IBM’s Machine Learning Library is 46 Times Faster than TensorFlow!

Pranav Dar 25 Mar, 2018 • 2 min read

Overview

  • IBM’s new Machine Learning library ran a logistic regression model 46 times faster than TensorFlow
  • The model was trained on 4.2 billion examples and 1 million variables
  • Google’s TensorFlow took 70 minutes, IBM’s library took 91.5 seconds

 

Introduction

The race to become the quickest and most efficient library is now in full flight. IBM claims that performing machine learning tasks on it’s POWER servers is an incredible 46 times quicker than on TensorFlow used in Google Cloud.

Earlier this year, a Google software engineer wrote a blog post on how they used Google Cloud Machine Learning and TensorFlow for solving click prediction problems. They trained their deep neural network model “to predict display ad clicks on Criteo Labs clicks logs. These logs are over 1TB in size and include feature values and click feedback from millions of display ads”.

For them, data preprocessing took about an hour, followed by training the model for 70 minutes. The evaluation loss was reported to be 0.13. They did manage to reduce this evaluation loss and get more accurate results but that was achieved at the cost of increasing training time.

But IBM blew those results out of the water. Their training algorithm, running on POWER9 servers and GPUs, outperformed Google Cloud Platform’s in the initial training phase.
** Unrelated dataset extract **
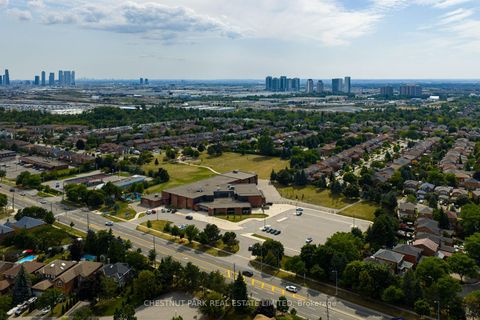 Photo 35 at 138 Largo Crescent, Maple, Vaughan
The IBM researchers trained their model on the Criteo Labs click logs, the same data source used by Google earlier. It contains 4.2 billion training examples and 1 million variables. They trained it using logistic regression (again, the same technique used by Google). However, IBM used a different ML library – Snap Machine Learning.
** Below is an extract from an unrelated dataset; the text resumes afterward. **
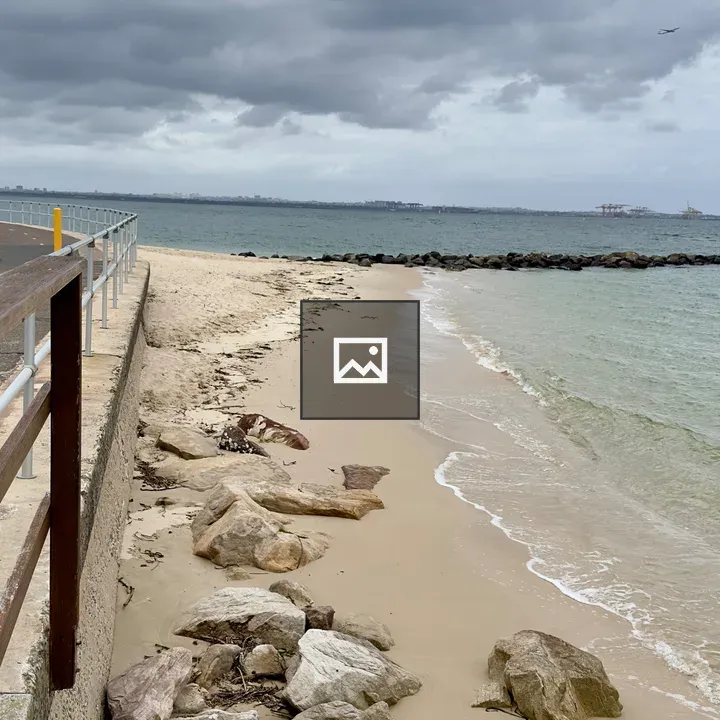 Dolls Point coastal scene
IBM’s model completed the same logistic regression in 91.5 seconds! That’s a remarkable 46 times faster than Google’s previous attempt.

IBM posted the below comparisons between their Snap ML library and the other competitors:

You can read more about the Snap Machine Learning library in IBM’s research paper here.

 

Our take on this

A 46 times improvement over TensorFlow is truly impressive. Of course a point to be noted here is that these 2 models were not run on similar hardware configurations so we can’t validate IBM’s results until they publicly release more information.
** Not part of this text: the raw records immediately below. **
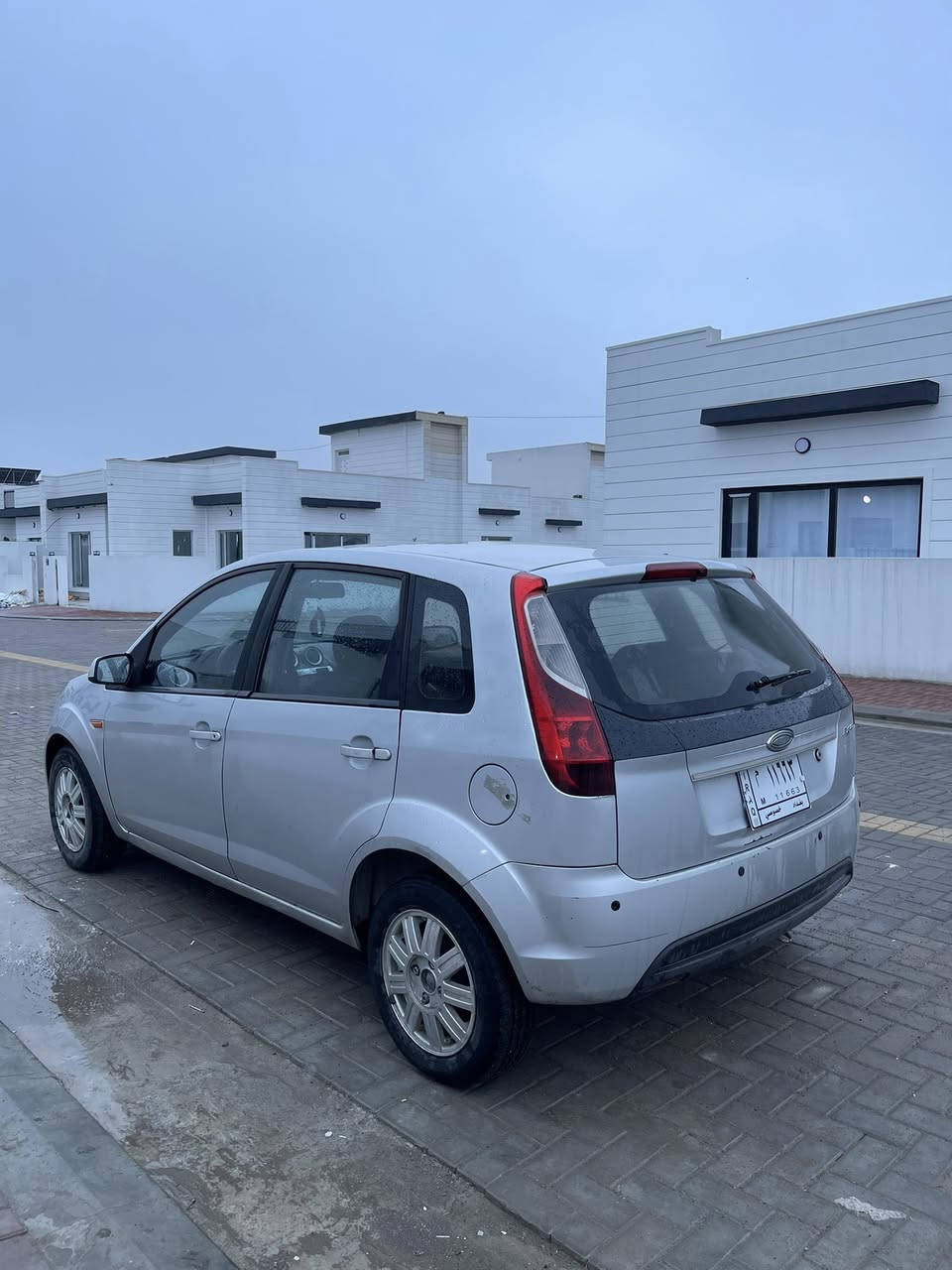 فۆرد فیگۆ ٢٠١٣
فۆرد فیگۆ 2013
ادوات - بڕاوە بڕاوە بڕاوە
گێر و مەکینە و تەبرید و حیزام بە شەرت 
یەک ٢٥٠ ی مەسرەفی تیا نیە کامل گیانی جاهیزە 
ABS 
4 تایەی لۆک 
بەس جێ موسەکانی بۆیاخە 
بەنزین زۆر کەم ئەخوا 
گێڕ و مەکینەی بێ عەیب 
سعریشی ٣٥ 
شوێن کەلار 
***********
Having said that, IBM has definitely caught the machine learning world’s attention and has given them an opportunity to introduce their POWER9 servers and the Snap ML library to the general public.

 

Subscribe to AVBytes here to get regular data science, machine learning and AI updates in your inbox!

 

Also, go ahead and participate in our Hackathons, including the DataHack Premier League and Lord of the Machines!

 

Pranav Dar 25 Mar 2018

Senior Editor at Analytics Vidhya. Data visualization practitioner who loves reading and delving deeper into the data science and machine learning arts. Always looking for new ways to improve processes using ML and AI.

Frequently Asked Questions

Lorem ipsum dolor sit amet, consectetur adipiscing elit,

Responses From Readers

Clear

Bhasha
Bhasha 23 Mar, 2018

What's the name of the IBM Machine Learning Library?

Hrishi
Hrishi 24 Mar, 2018

If even a linear classifier with logistic loss worked for this problem comparing with Tensorflow is not fair since a neural network is clearly not needed and then Tensrflow is not the right tool. Benchmarking with Vowpal Wabbit or Bid Mach would've been more appropriate. You should have brought this point out to help your readers see the results in the right context instead of repeating what IBM say in their paper.

Yk
Yk 24 Mar, 2018

These r not comparable. Why comparing ml library to deep learning library - assuming most Commonly used for purposes. So you have more data on ? Solver hyper parameter Tpa-scd Inter socket cocoa - very odd way of solving that specific problem Please read 4.1 specifically meta+rdd and persistent memory and see if you can suppress a smile.

Dnyandeo Patil
Dnyandeo Patil 24 Mar, 2018

Google is using technology of Nvidia GPU server whereas IBM have their own new brain chip which is best in anlysis as per cognition process and USA defence are using same technology for Miltry AI purpose. IBM Watson is remarkably successful in USA.

asdfasf
asdfasf 24 Mar, 2018

Where download the library?

Patrice
Patrice 28 Mar, 2018

Great. IBM's is 46 times faster, but it'll cost $1M per year to try it. Google, what, will make it available for everyone to try. Who's got 1M variable anyway.

Peter Hogon
Peter Hogon 05 Apr, 2018

Sorry for being negative, but looking at the paper, looks like typical IBM manipulative marketing stuff. First of all, you compare V100 to sklearn's CPU implementation. Is it really surprising that the V100 will be faster? Not to mention that the TF example processes the data completely differently than the other two, so it ends up running slower than sklearn. The paper even somewhat mentions this, but in separate parts so it's not really visible upon first glance SnapML: the data is copied into the GPU memory in full TensorFlow: processes data in batches reading from disk each time. Am I missing something, or is this intentionally misleading? If you want to compare the performance of two libraries, measure their actual performance.